Aaron García

Personal information
- Nickname: El Gavilan
- Born: Aaron García June 14, 1982 (age 44) Vista, California
- Height: 5 ft 7 in (172 cm)
- Weight: Super Featherweight Featherweight

Boxing career
- Reach: 68 in (174 cm)
- Stance: Orthodox

Boxing record
- Total fights: 20
- Wins: 14
- Win by KO: 4
- Losses: 4
- Draws: 2
- No contests: 0

Medal record
Representing United States
Pan American Games
| Silver medal – second place | 2003 Santo Domingo | Featherweight |

= Aaron Garcia (boxer) =

American boxer

Aaron García (born June 14, 1982) is an American boxer in the Featherweight division.

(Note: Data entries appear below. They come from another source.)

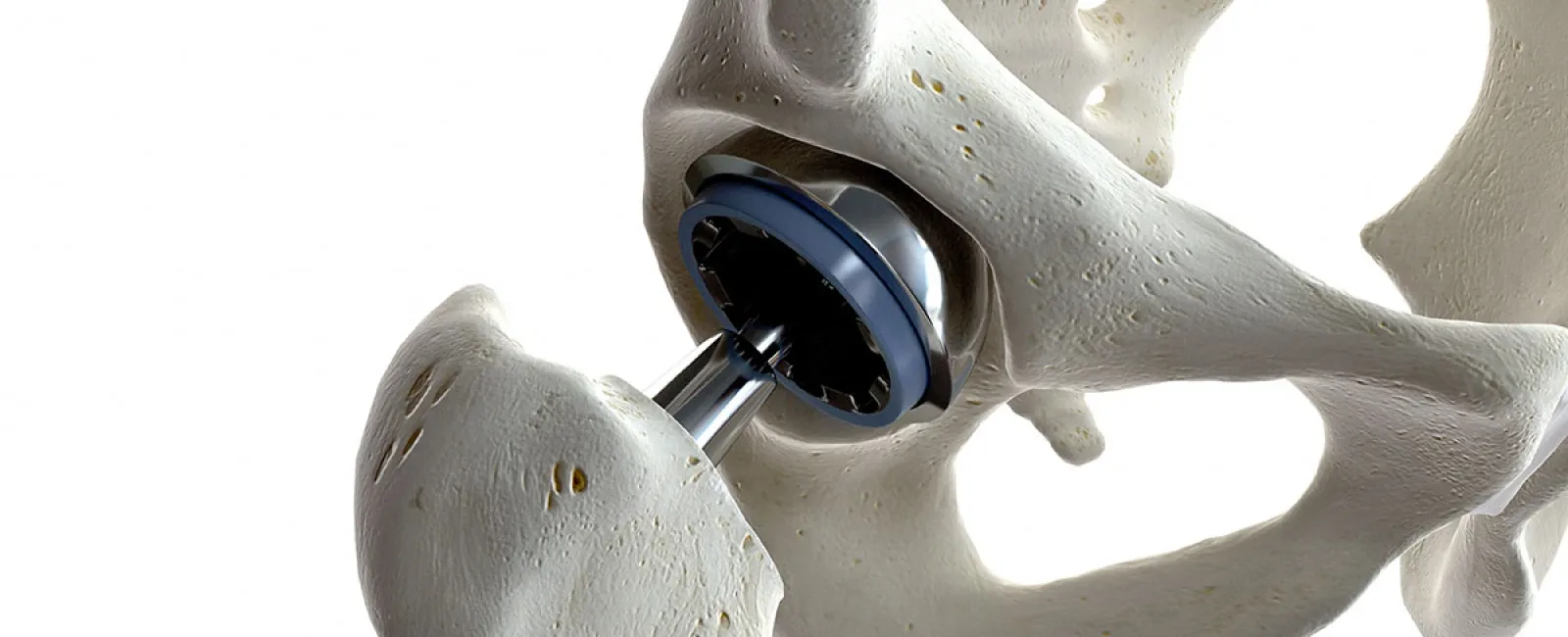 Tips for Recovering from Total Hip Replacement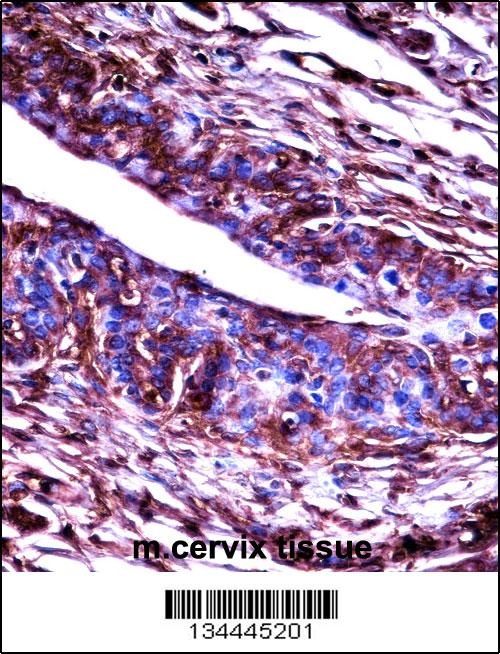 Mouse Adrbk2 Antibody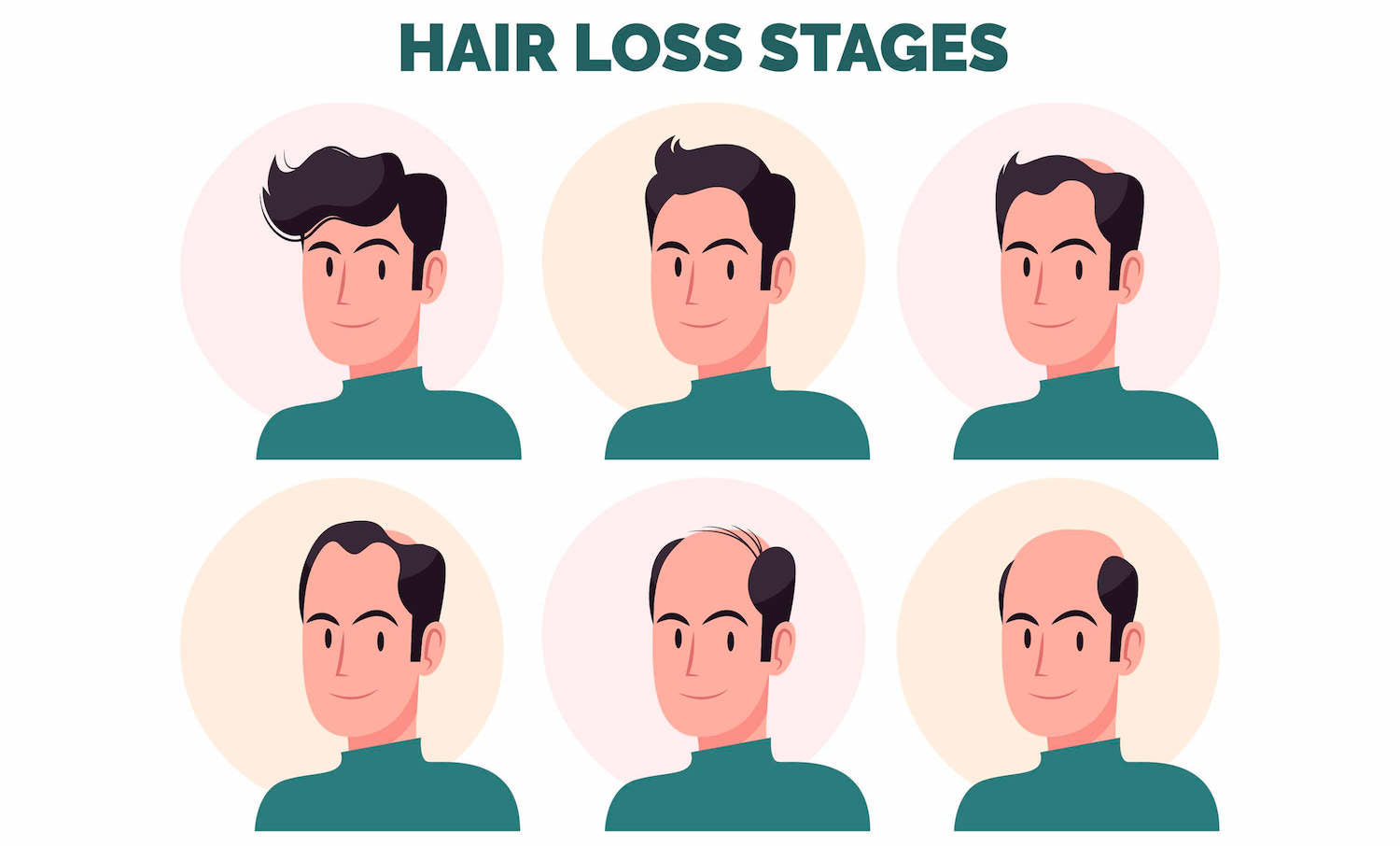 Relationship Between Stress and Hair Loss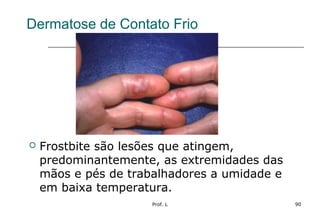 Prof. L 90
Dermatose de Contato Frio
 Frostbite são lesões que atingem,
predominantemente, as extremidades das
mãos e pés de trabalhadores a umidade e
em baixa temperatura.
 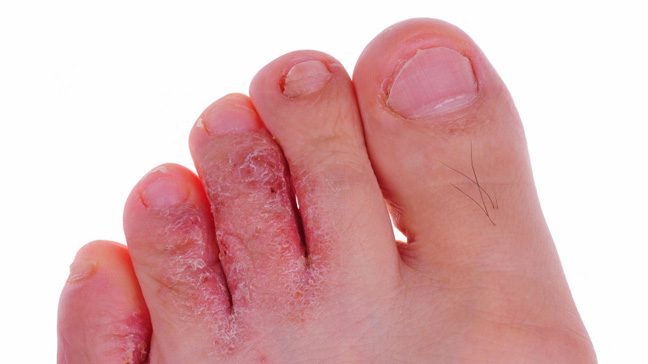 Atletsko stopalo (gljivična infekcija)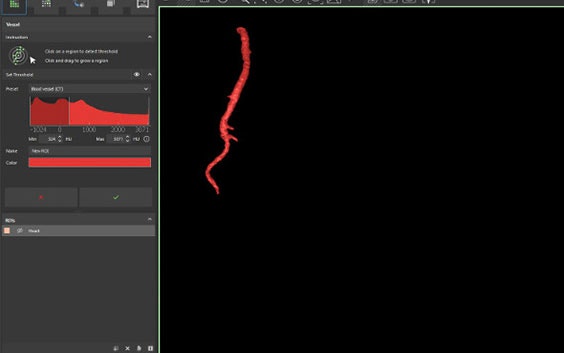 Screenshot of vascular segmentation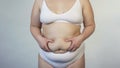 Obese woman touching saggy belly, overweight insecurities problem, unsatisfied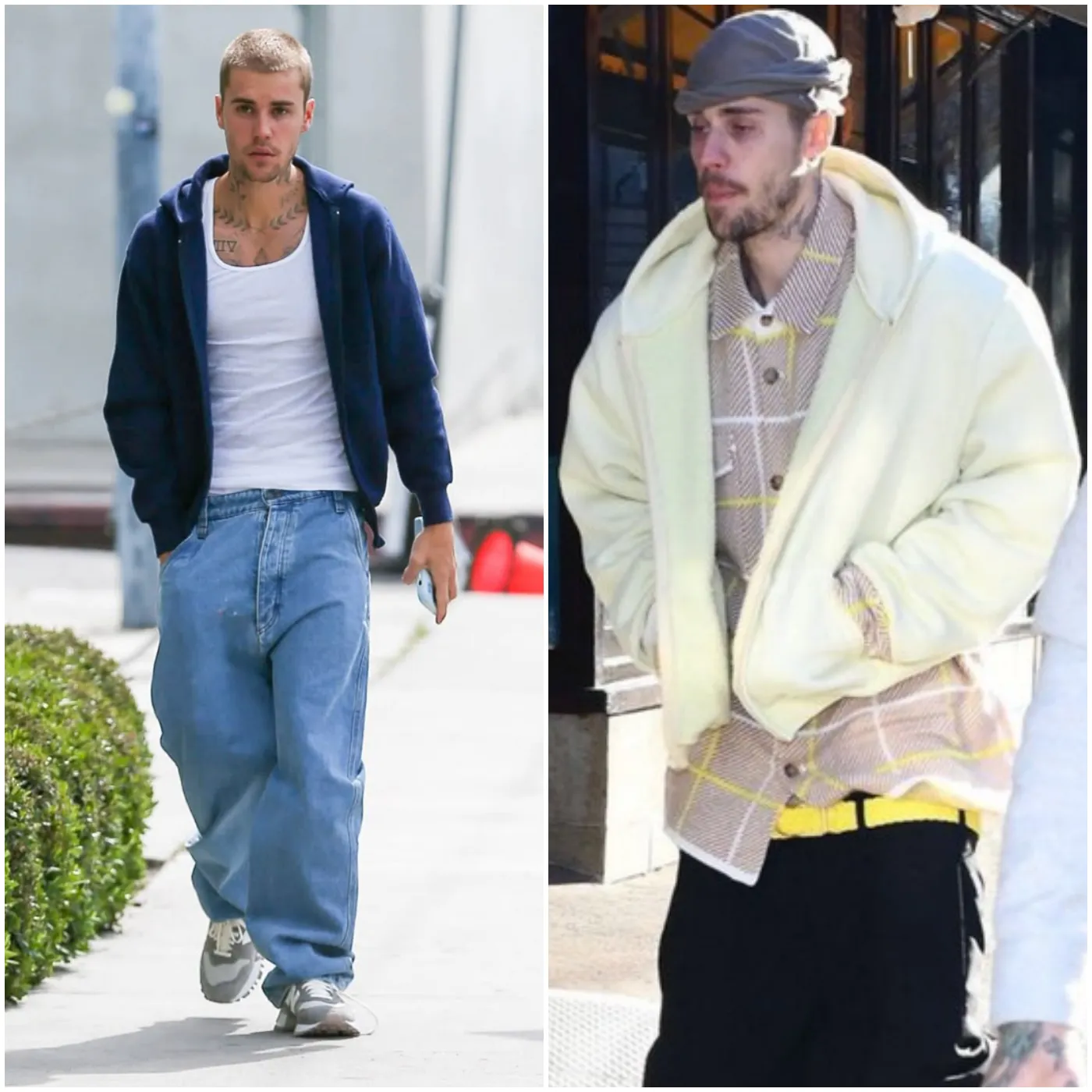 These shocking ‘Before and After’ Pictures of Justin Bieber Amid Divorce Rumors Have Fans Worried and Wondering: ‘What Ever Became of Him?’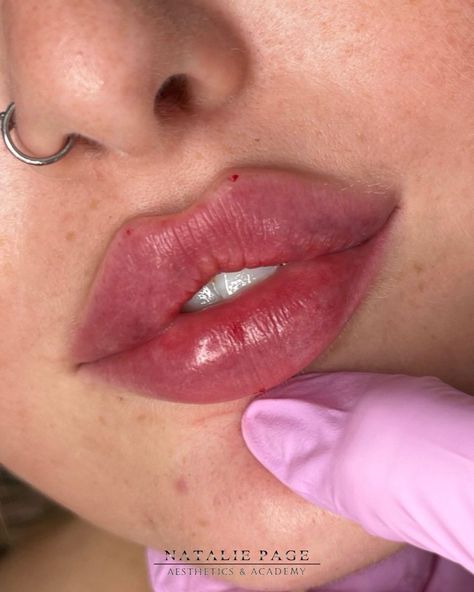 Lip Inspo Filler, Round Lips Filler, Pouty Lip Filler, Russian Lips Filler, Lip Filler Shape Ideas, Desired Lips, Lip Filler Inspiration, Lip Fillers Juvederm, Dream Lips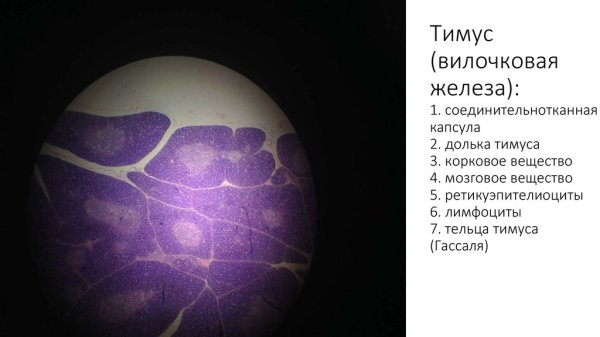 Зобная железа гистология препарат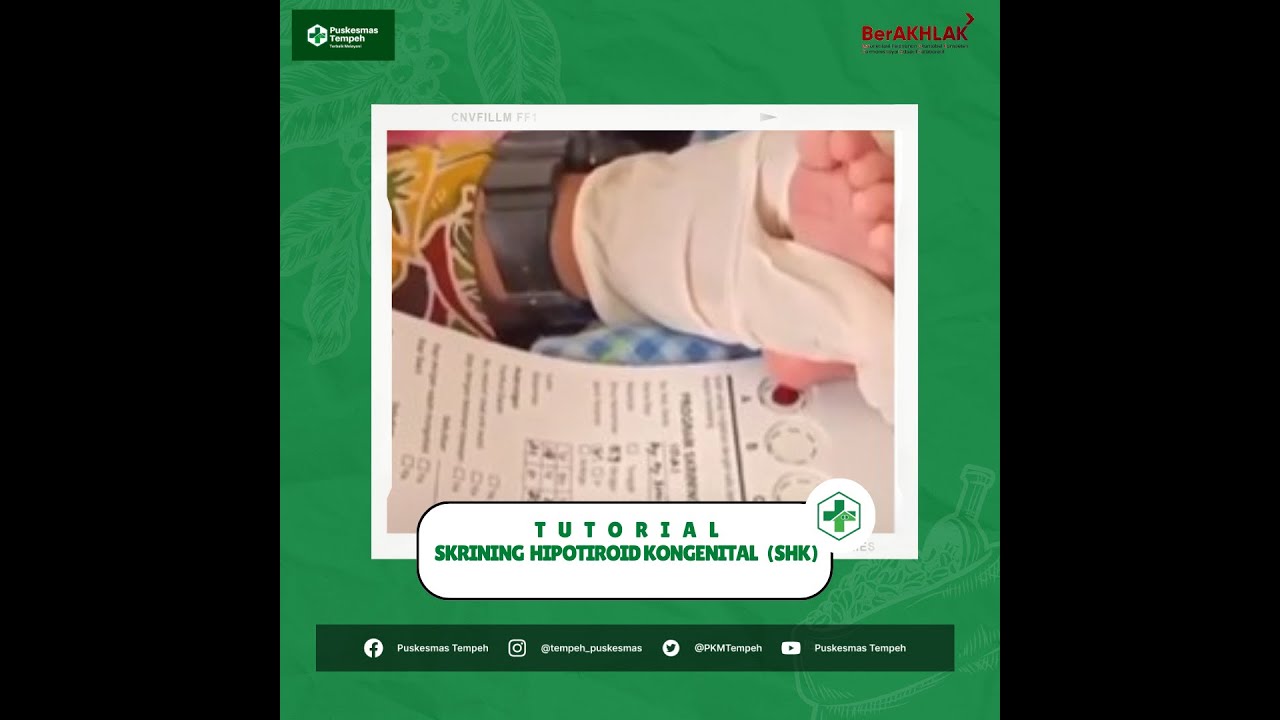 Tutorial Skrining Hipotiroid Kongenital (SHK) pada Bayi
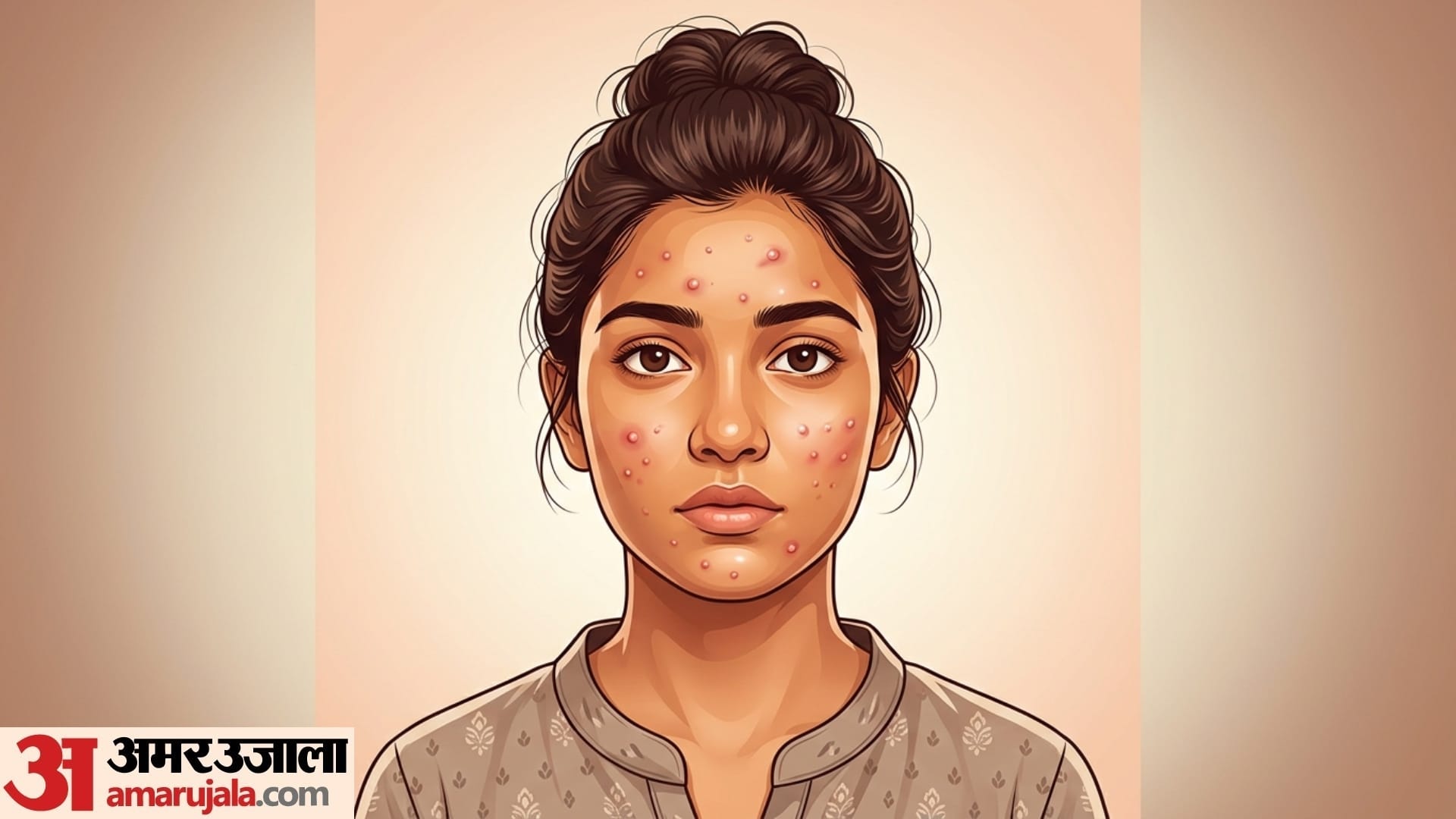 what causes pimples on face know muhase kyu hote hai how to prevent it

He earned the featherweight silver medal at the 2003 Pan American Games.

==Amateur titles==
- 1999 National Golden Gloves bantamweight champion
- 2001 National Golden Gloves featherweight champion
- 2003 United States Amateur featherweight champion

==Professional career==
He made his professional debut on September 18, 2004, against Gerardo Robles. Aaron retired from the boxing in 2006 after an upset loss to the veteran Saul Ochoa, but returned in 2008.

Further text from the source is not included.